Wednesday, January 08, 2014
- Around April 1, SWEPCO notified more than a thousand landowners that their properties are traversed by at least one of six possible routes for a 345 kV transmission line the utility will construct if the Arkansas Public Service Commission (APSC) approves the investor-owned utility's plan.
- On April 7, a small group of people came together to form Save the Ozarks (STO), a citizens’ organization that opposes SWEPCO’s entire plan, including all six routes under consideration for the transmission line.
- After vetting numerous lawyers, STO hired attorney Richard Mays to file a petition with APSC seeking intervenor status for STO.
- STO’s first expert witness, Dr. Hyde Merrill, a transmission line planner, was hired.
- Two public meetings -- one each at The Space and the Auditorium -- held with 100-150 concerned citizens attending to discuss SWEPCO's plan and Save the Ozarks' commitment to opposing the entire plan.

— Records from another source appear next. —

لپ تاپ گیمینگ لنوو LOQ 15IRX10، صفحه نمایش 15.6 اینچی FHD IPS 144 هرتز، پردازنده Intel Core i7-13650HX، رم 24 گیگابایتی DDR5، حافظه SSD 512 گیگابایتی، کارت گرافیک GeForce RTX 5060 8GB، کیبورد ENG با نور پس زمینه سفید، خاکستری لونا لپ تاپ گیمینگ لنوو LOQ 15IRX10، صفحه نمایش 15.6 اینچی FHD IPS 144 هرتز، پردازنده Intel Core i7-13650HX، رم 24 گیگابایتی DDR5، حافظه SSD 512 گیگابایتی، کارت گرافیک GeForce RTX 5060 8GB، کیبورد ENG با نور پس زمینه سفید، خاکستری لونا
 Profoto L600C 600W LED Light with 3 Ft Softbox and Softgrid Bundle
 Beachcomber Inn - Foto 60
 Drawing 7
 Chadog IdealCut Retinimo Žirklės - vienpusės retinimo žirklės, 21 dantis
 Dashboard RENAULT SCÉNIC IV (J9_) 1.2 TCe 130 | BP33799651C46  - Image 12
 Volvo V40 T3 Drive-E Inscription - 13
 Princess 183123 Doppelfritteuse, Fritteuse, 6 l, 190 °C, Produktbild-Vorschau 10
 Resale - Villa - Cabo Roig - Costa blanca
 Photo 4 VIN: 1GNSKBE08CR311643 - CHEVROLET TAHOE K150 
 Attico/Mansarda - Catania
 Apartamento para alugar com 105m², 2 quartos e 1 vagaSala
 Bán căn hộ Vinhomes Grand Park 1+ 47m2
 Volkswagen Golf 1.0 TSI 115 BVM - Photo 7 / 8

- Website designed, Facebook page launched, mailing list initiated, and fundraising begun.
- On April 30, STO petition to intervene in the APSC proceeding for SWEPCO’s proposed plan was submitted to the APSC with a list of 34 participants.
- On May 3, STO submitted a supplemental list of participants in STO’s petition to intervene.
- After vetting a number of experts in karst hydrogeology, STO hired Tom Aley to serve as expert witness.
- On May 21, STO’s petition to intervene was granted with certain limitations.
- On May 26, STO submitted a reply to APSC staff's response to STO’s petition to intervene.
- On May 30, STO filed a motion for clarification for clarification on the limits placed on STO’s participation
- Candlelight vigil held in Basin Park
- Rally held at the Pied Piper
- STO volunteers staffed table at White Street Walk
- Mick Harrison agreed to serve as STO lead counsel with Gregory Ferguson as co-counsel and Greenfire Consulting as paralegal support, and Richard Mays withdrew.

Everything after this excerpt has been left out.